## Provided entries
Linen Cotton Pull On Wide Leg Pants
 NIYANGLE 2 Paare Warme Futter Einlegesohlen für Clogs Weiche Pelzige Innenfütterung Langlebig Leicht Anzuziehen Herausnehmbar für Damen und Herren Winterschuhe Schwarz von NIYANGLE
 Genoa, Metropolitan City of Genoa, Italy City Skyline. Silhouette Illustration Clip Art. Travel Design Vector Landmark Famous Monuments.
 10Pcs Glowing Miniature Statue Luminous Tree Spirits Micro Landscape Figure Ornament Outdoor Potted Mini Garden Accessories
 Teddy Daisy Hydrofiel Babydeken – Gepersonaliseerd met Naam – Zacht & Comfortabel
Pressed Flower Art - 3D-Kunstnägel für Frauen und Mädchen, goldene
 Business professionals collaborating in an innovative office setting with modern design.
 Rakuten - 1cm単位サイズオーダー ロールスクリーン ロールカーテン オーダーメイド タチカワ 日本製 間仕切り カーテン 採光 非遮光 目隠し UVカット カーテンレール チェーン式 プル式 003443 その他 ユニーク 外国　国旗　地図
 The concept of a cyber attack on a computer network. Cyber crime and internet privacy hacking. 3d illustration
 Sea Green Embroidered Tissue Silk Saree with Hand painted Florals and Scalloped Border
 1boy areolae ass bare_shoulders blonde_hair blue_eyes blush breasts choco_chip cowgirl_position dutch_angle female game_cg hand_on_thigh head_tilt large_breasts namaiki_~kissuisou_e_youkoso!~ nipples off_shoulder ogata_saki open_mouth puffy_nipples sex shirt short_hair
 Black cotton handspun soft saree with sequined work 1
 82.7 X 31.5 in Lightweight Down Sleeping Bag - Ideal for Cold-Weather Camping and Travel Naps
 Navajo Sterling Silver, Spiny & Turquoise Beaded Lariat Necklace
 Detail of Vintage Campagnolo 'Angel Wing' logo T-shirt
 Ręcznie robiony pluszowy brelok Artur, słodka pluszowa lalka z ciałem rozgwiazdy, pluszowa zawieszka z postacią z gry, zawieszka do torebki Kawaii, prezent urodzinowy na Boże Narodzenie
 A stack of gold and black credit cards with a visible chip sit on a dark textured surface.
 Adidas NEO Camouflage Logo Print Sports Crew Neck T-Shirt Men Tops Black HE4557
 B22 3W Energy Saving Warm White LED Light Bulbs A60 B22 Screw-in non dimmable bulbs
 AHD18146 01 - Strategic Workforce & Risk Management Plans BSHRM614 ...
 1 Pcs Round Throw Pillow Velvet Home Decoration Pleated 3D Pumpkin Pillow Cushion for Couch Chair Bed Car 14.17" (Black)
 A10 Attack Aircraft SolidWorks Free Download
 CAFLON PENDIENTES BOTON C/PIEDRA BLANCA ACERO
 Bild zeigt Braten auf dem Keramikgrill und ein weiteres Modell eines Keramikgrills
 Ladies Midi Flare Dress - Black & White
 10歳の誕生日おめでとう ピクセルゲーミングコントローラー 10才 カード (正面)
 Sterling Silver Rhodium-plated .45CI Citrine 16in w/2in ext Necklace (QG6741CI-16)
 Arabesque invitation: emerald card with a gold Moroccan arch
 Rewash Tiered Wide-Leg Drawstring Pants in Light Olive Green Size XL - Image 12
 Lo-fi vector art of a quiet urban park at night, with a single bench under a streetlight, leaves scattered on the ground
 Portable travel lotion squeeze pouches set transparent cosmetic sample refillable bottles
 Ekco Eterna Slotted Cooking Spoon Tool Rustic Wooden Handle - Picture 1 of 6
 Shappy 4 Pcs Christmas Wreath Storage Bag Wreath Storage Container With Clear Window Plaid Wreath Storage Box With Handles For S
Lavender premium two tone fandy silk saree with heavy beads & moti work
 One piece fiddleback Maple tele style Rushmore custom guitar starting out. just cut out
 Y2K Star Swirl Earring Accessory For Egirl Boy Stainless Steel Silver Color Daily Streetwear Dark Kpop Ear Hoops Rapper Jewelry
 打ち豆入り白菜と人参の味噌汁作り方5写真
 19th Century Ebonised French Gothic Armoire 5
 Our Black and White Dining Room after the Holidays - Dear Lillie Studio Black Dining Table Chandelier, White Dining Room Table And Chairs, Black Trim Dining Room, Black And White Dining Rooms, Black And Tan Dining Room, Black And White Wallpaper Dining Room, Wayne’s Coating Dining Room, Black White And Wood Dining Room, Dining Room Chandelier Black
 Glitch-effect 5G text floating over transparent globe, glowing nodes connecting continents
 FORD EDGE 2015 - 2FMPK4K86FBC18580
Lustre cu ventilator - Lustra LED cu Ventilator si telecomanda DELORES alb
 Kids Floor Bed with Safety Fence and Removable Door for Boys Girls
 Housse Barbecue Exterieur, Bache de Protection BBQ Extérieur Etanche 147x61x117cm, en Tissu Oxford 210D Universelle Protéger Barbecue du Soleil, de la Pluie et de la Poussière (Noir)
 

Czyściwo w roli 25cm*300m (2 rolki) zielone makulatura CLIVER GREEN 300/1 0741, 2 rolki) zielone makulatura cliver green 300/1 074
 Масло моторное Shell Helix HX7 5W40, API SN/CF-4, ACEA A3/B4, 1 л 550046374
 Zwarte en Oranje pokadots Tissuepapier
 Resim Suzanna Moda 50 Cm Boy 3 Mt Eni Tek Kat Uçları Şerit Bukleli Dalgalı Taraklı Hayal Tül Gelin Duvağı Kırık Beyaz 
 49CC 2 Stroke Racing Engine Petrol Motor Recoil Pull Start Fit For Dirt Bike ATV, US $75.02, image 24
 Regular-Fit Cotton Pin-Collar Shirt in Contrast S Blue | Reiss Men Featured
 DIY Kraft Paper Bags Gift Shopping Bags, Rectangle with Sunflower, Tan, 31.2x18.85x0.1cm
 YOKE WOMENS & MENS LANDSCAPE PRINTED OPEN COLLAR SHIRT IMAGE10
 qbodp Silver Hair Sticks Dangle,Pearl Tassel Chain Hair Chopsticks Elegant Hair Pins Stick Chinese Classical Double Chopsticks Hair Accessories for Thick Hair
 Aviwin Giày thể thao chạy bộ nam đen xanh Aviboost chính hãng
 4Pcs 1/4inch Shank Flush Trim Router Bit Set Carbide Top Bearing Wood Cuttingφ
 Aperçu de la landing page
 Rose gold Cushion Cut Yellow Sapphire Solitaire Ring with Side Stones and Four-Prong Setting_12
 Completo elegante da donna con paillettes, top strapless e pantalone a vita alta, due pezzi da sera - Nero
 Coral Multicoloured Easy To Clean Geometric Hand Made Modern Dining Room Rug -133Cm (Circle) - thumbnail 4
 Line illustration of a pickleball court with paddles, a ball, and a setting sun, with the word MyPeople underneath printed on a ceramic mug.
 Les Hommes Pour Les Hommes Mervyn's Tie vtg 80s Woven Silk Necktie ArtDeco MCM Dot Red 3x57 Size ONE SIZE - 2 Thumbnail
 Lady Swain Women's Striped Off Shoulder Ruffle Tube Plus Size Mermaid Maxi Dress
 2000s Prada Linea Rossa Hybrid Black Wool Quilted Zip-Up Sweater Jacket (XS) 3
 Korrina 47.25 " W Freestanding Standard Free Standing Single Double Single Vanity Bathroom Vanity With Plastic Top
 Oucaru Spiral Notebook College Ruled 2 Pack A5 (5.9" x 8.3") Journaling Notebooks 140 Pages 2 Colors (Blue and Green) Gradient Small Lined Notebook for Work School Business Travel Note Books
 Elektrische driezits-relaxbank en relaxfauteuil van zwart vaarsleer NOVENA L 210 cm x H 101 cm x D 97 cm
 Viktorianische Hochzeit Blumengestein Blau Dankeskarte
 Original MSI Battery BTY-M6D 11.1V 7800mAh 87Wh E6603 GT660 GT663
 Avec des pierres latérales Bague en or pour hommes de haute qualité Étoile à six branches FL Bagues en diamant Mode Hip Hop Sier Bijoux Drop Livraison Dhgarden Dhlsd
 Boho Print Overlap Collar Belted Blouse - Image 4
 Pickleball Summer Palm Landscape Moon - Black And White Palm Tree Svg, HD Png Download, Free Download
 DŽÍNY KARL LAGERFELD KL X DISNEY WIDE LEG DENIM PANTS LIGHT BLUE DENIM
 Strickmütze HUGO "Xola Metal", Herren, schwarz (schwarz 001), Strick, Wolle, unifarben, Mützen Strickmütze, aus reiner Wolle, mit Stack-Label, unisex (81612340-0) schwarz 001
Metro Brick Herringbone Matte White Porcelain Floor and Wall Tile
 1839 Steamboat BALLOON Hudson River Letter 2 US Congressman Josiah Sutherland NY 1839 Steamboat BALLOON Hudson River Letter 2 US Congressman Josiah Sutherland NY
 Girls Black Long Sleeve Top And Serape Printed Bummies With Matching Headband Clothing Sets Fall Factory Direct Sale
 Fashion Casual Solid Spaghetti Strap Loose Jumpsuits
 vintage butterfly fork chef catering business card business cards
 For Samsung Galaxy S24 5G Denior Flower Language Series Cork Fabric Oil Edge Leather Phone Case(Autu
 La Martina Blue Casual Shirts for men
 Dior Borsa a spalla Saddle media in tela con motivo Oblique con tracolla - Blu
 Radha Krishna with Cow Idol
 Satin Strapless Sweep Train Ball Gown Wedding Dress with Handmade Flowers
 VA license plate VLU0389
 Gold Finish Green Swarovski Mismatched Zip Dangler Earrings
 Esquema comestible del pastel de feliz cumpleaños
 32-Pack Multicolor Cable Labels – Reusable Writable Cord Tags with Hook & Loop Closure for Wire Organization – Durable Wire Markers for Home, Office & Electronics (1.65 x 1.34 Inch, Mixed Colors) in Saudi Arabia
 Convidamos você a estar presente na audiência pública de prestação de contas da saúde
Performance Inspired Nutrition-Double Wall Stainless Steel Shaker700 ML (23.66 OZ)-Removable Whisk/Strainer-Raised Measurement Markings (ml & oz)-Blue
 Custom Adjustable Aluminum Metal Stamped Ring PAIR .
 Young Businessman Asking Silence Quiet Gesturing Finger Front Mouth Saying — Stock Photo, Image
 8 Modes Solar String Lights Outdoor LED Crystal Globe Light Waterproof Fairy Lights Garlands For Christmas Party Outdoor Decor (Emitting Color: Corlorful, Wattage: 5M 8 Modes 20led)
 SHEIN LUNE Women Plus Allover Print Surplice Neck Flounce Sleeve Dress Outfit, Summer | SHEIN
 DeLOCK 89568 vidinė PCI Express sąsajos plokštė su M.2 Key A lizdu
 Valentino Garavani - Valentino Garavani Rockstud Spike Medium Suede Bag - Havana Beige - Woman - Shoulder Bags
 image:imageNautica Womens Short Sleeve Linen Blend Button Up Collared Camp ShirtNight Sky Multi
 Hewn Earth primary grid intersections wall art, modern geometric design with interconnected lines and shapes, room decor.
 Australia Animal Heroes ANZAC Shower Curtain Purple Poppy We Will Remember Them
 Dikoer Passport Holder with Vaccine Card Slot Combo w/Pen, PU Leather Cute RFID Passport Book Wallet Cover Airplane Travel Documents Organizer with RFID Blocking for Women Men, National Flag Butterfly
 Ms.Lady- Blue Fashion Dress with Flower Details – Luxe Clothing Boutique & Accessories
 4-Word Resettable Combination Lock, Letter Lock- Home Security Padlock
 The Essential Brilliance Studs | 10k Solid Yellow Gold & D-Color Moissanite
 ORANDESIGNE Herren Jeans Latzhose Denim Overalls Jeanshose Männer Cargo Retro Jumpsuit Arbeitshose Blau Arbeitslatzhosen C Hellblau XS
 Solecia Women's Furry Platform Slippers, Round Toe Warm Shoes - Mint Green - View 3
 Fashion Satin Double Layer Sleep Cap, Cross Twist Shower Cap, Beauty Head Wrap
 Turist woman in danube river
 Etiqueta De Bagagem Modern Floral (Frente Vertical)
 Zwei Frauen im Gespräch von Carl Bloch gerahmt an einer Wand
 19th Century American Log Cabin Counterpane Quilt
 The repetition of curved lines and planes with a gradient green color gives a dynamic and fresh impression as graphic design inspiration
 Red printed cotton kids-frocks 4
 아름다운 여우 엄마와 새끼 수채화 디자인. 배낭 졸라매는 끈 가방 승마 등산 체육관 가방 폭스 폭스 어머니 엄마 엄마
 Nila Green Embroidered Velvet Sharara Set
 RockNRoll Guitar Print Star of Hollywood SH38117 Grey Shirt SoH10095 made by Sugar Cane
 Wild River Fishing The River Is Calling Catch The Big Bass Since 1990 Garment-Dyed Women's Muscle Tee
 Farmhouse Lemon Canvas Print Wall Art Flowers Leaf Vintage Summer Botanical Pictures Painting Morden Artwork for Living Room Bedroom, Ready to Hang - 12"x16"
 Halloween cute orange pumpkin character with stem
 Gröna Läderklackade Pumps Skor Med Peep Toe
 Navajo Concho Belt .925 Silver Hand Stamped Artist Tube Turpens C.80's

## Activity
Across the material above, how many lines include the word "Yellow"? Respond with nothing but the number.

## Response to the exercise
2